Work task
Print the records below exactly, from the line containing "I was looking" down to the line containing "You can see", both lines included, and omit every picture.

Available records
'''

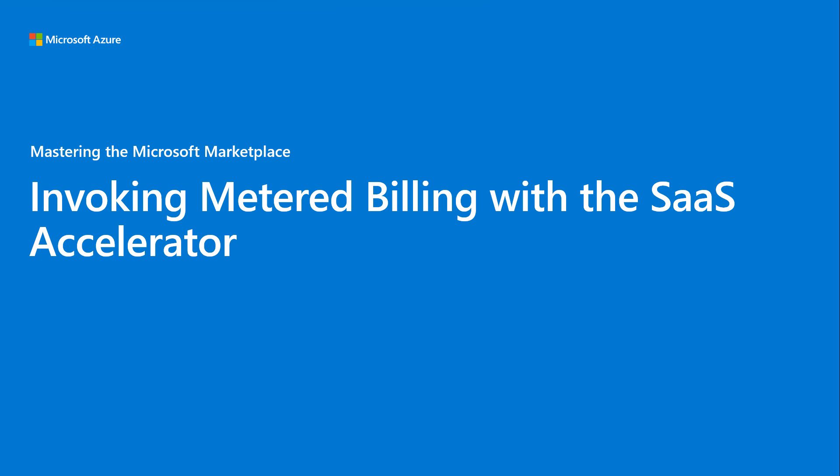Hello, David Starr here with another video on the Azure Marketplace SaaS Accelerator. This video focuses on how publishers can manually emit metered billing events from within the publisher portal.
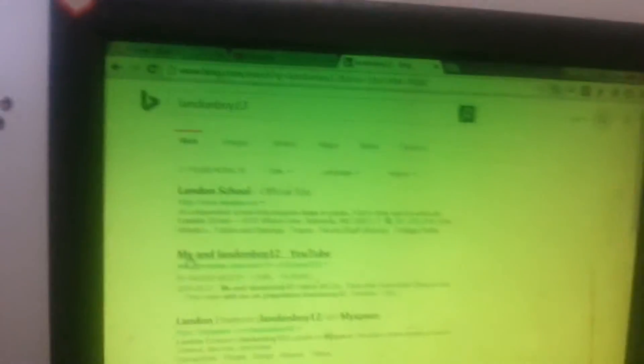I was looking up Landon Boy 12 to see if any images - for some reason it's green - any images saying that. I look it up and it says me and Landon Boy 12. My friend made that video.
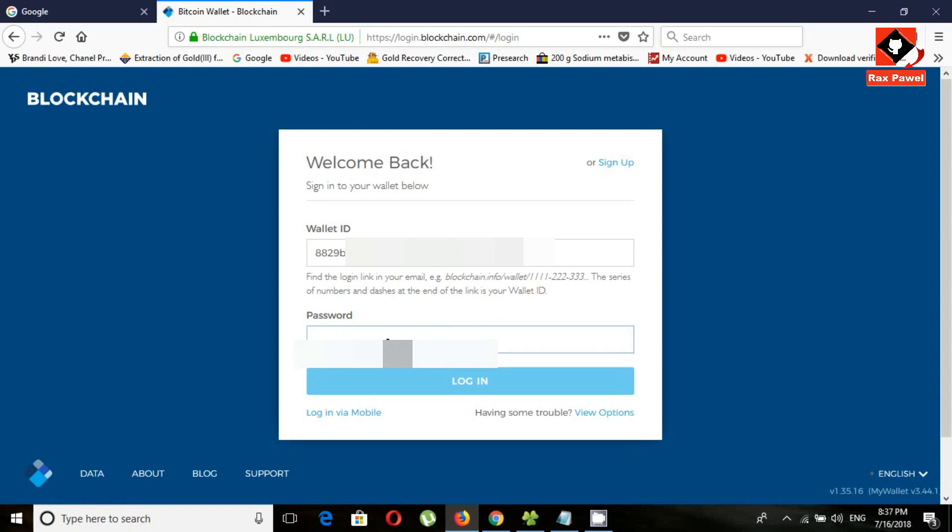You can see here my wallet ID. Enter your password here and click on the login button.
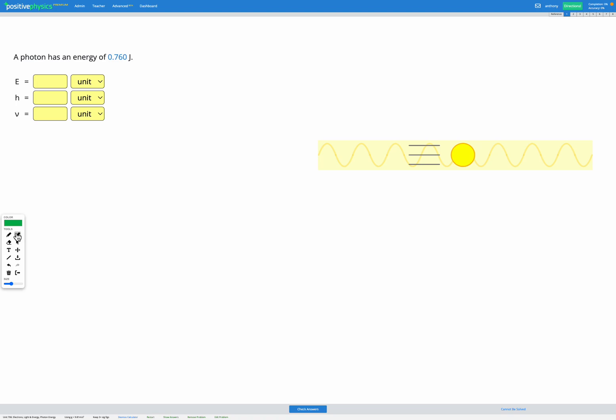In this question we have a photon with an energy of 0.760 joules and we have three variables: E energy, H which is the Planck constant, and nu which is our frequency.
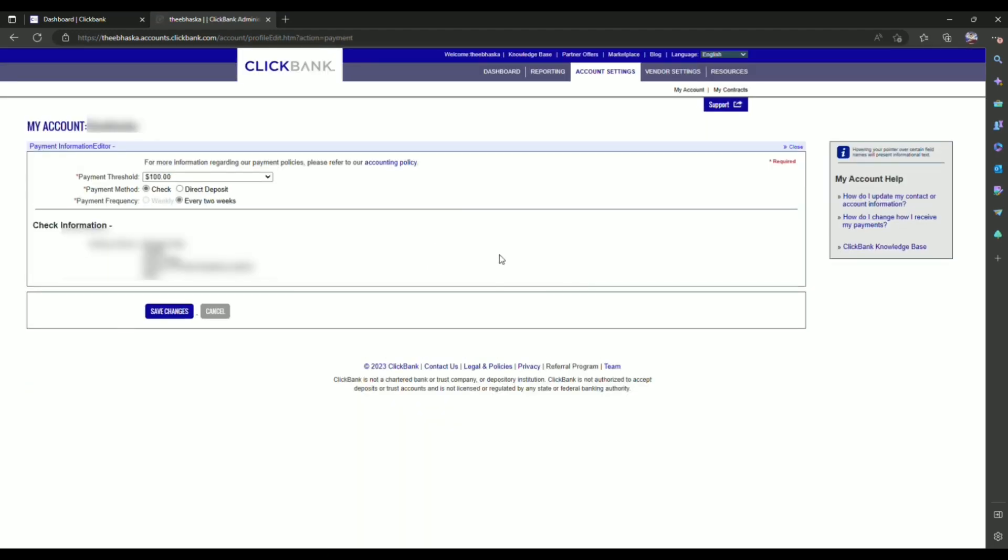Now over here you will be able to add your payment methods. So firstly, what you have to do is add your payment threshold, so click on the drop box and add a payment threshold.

'''

Written solution
I was looking up Landon Boy 12 to see if any images - for some reason it's green - any images saying that. I look it up and it says me and Landon Boy 12. My friend made that video.
You can see here my wallet ID. Enter your password here and click on the login button.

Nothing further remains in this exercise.